In [1]:
%%html
<style>
table {float:left}
</style>

# <font color="darkgray">Classical Reservoir Computing:</font><br>Mathematical Foundations

<table>
    <tr><td><strong>Aim:</strong></td>
        <td>To formulate a classical reservoir computing model, so that it could be implemented 
            in <strong>Python</strong>.</tr>
    <tr><td><strong>Author:</strong></td>
        <td>Jacob L. Cybulski (<a href="https://jacobcybulski.com/" target="_blank">website</a>),
            <em>Enquanted</em></td></tr>
    <tr><td><strong>Release:</strong></td>
        <td>April 2025</td></tr>
    <tr><td><strong>References:</strong></td>
        <td>Unfortunately, there is no single simple formulation of a classical reservoir. 
            Numerous papers have been checked for some good insights, including:
            <ul>
            <li><a href = "https://doi.org/10.1103/PhysRevApplied.14.024065" target="_blank">
                Chen, J., Nurdin, H.I., Yamamoto, N., 2020. Temporal Information Processing on Noisy Quantum Computers. Phys. Rev. Applied 14, 024065.
</a></li>
            <li><a href = "https://doi.org/10.1088/2634-4386/ac7db7" target="_blank">Cucchi, M., Abreu, S., Ciccone, G., Brunner, D., Kleemann, H., 2022. Hands-on reservoir computing: a tutorial for practical implementation. Neuromorph. Comput. Eng. 2, 032002. 
</a></li>
            <li><a href = "https://doi.org/10.1038/s41467-021-25801-2" target="_blank">Gauthier, D.J., Bollt, E., Griffith, A., Barbosa, W.A.S., 2021. Next generation reservoir computing. Nat Commun 12, 5564.
</a></li>
        </ul>
        And many others...</td>
    </tr>
    <tr><td><strong>License:</strong></td>
        <td>This project is licensed under the
            <a href="./LICENSE" target="_blank">GNU General Public License V3</a></td></tr>
</table>

### Reservoir computing (RC)
RC is a machine learning model that integrates elements of a family of temporal neural networks, such as recurrent neural networks, liquid-state machines and echo-state networks.
While RCs can be applied to all types of data, they are especially useful for the processing of temporal data. 
The reservoir computing architecture centers around a large sparse neural network of randomly initialised and fixed weights, called a (_**reservoir**_), 
which is responsible for transforming input into a higher-dimensional space.
In high-dimensional space, the transformed input can then be used to train a simple linear model (_**readout layer**_) 
to separate (e.g. for the purpose of _**classification**_) the reservoir states with relative ease.
The _**reservoir dynamics**_ can be specified by a set of differential equations (_**update rules**_)
responsible for describing changes to the reservoir state over time.

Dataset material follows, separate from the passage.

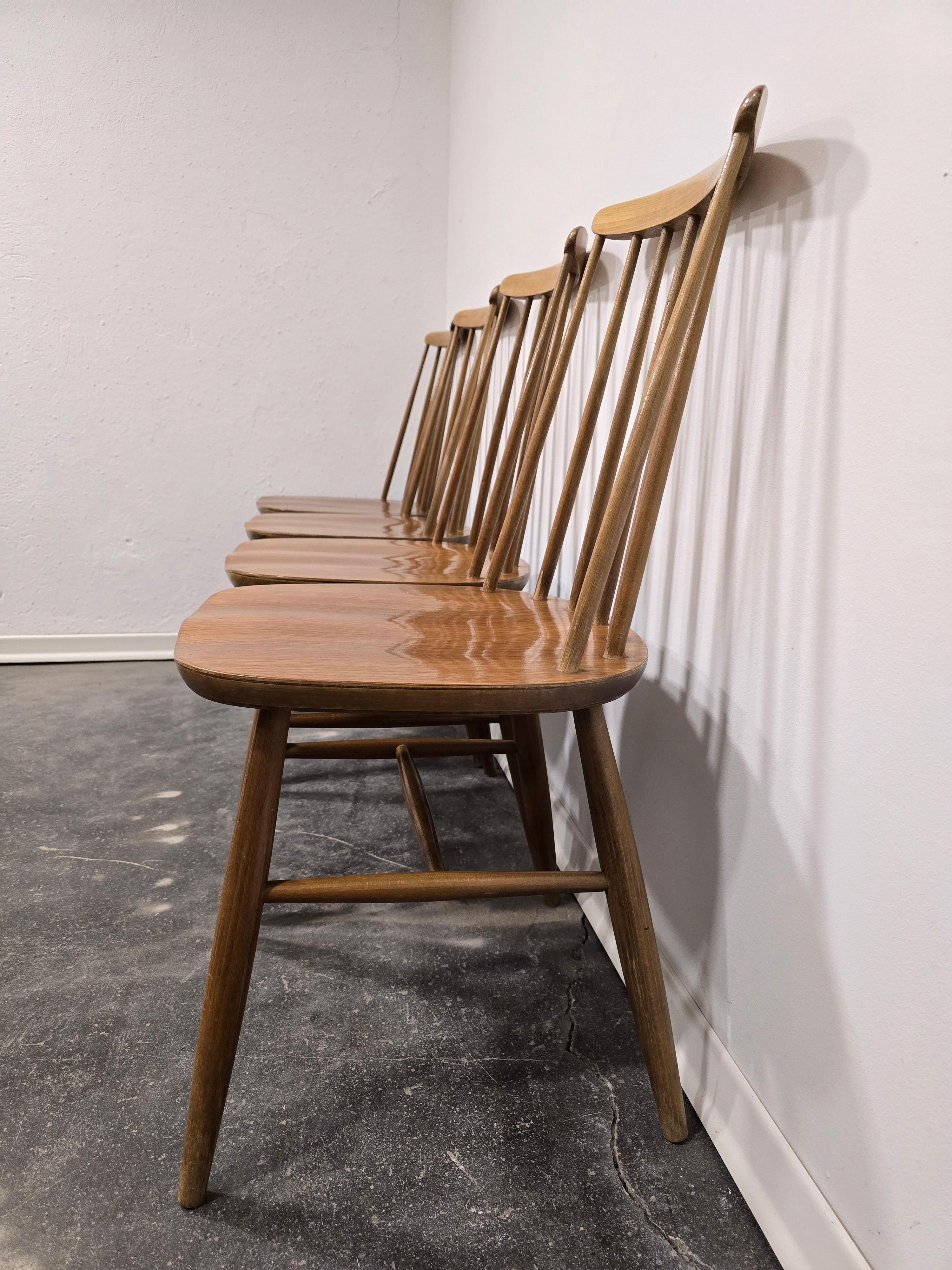 Dining chairs by Ilmari Tapivaara 1970s 1 of 4 For Sale 3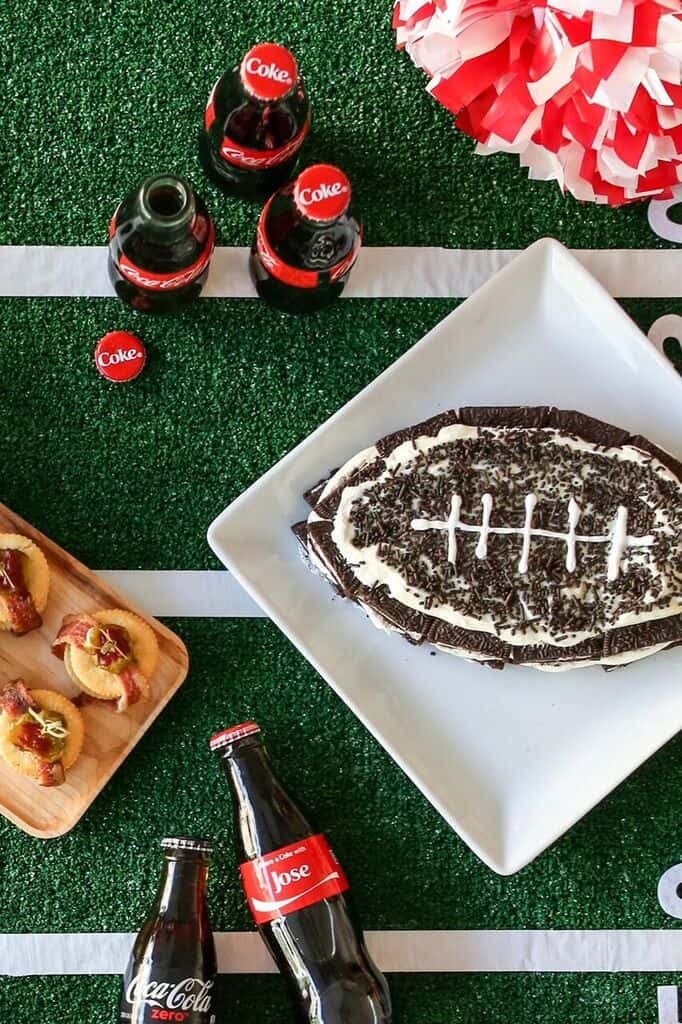 Oreo Football Cake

Typical reservoir computing applications include: time-series forecasting, speech recognition and video analysis, control of robots or autonomous vehicles, as well as, predicting weather patterns and stock markets.
It is also worth noting that RC concepts also apply to physical systems that are continuous in space and time.

This is Jacob's take on the RC working!

### 1. Reservoir dynamics

The reservoir needs to be designed to have the following two properties, e.g.
- **Echo state property (ESP)**: The reservoir should be able to retain (or "echo") past information for a short period of time.
- **Fading memory**: The influence of the past inputs on the reservoir state should fade over time.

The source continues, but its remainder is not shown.